Spaß an der Weiterbildung
Spielend lernt es sich besser: Diese Erkenntnis findet mehr und mehr auch in der beruflichen Weiterbildung Gehör. Die Antwort der Personaler auf den puren Zeitvertreib am Computer heißt Serious Games. Die „ernsten Spiele“ dienen nicht primär der Unterhaltung, sondern sollen Informationen und Wissen vermitteln. Weil sie aber trotz ihres Bildungskalküls immer noch Spiele sind, fördern sie die intrinsische Motivation der Lernenden. Sie machen Schwieriges verständlich, trainieren strategische und taktische Fähigkeiten, lassen einen Dinge ausprobieren und machen Spaß. Serious Games bieten die Möglichkeit zum selbst gesteuerten Lernen und passen sich dem individuellen Lerntempo des Nutzers an.

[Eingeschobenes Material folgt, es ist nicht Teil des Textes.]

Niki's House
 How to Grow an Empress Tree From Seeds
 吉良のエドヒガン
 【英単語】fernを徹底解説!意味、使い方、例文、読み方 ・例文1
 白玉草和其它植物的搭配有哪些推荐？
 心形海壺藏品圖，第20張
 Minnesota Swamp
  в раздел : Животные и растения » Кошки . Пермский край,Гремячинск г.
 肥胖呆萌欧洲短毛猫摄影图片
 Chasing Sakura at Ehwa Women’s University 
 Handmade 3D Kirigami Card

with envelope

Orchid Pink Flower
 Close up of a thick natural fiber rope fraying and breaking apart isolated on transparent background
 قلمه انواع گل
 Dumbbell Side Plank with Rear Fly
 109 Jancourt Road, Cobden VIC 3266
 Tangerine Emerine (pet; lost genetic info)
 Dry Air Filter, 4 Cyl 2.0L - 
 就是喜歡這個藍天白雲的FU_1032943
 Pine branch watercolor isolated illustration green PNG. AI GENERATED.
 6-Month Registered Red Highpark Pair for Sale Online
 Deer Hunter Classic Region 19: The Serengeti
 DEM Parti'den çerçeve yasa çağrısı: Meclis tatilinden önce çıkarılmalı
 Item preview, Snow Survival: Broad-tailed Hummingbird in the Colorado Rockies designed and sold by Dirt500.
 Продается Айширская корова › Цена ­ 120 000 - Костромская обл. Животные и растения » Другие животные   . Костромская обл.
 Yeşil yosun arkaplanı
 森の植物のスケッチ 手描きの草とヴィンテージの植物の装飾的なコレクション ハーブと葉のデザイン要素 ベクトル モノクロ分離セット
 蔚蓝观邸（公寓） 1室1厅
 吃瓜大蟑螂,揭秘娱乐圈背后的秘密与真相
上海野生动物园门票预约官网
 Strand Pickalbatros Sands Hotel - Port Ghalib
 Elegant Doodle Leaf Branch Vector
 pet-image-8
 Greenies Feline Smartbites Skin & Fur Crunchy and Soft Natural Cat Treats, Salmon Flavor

„Spielend lernen zu können ist ein alter Menschheitstraum, gleich nach dem Lernen im Schlaf.“
Vor allem für die Vertreter der konstruktivistischen Lerntheorie sind Computerspiele eine regelrechte Offenbarung. Gemäß dieser Theorie lernen Menschen vor allem dadurch, dass sie Wissen aus verschiedenen Bausteinen zusammensetzen, aus ihren Erfahrungen mit den Objekten in ihrer Umwelt. Das Lernen basiert demnach auf der Interaktion mit Elementen der Umgebung. Viele Computerspiele funktionieren nach demselben Prinzip.
„Der Einsatz von Serious Games im Kontext der beruflichen Aus- und Weiterbildung gewinnt zunehmend an Bedeutung.“
Lernspiele sind keinesfalls eine Entwicklung des Computerzeitalters: Im militärischen Bereich, aber auch in der zivilen Luftfahrt (Flugsimulatoren) z. B. sind sie schon längst weit verbreitet. Ein wichtiges Stichwort ist die Kontextualisierung der Lerninhalte: Menschen lernen besser, wenn sie in einer komplexen, zum Lerninhalt passenden Umgebung lernen. Spiele bieten die Möglichkeit, in einer virtuellen Umgebung die richtigen Inhalte zu erlernen. Programme wie Authorware oder Flash ermöglichen es sogar Nichtprogrammierern, interaktive Anwendungen zu entwerfen. Und: Der technische Fortschritt macht Spiele kostengünstiger als früher (es sei denn, man will die neuesten Trends bei der Gestaltung z. B. realistischer Drei-D-Welten nutzen). Ein Spiel, das 2007 noch 4 Millionen Euro gekostet hätte, ließ sich 2010 für rund 1 Million produzieren.
Der passende Rahmen
Inhaltlich sind Lernspiele erheblich anspruchsvoller als das „Edutainment“ älterer Bauart. Selbst kleine Kinder merken, wenn ihnen ein Spiel plötzlich Rechenaufgaben unterschieben will und reagieren dann schnell mit Lustlosigkeit. Lerninhalte und Spielwelt müssen fest miteinander verwoben und durch einen roten Faden in Form von Geschichten, einem narrativen Rahmen, ausgestattet sein. Nur dann kommt es zur Immersion, dem gänzlichen Eintauchen des Spielers ins Spiel. Im Idealfall gerät dieser in einen Flow-Zustand, der ihn völlig selbstvergessen spielen lässt.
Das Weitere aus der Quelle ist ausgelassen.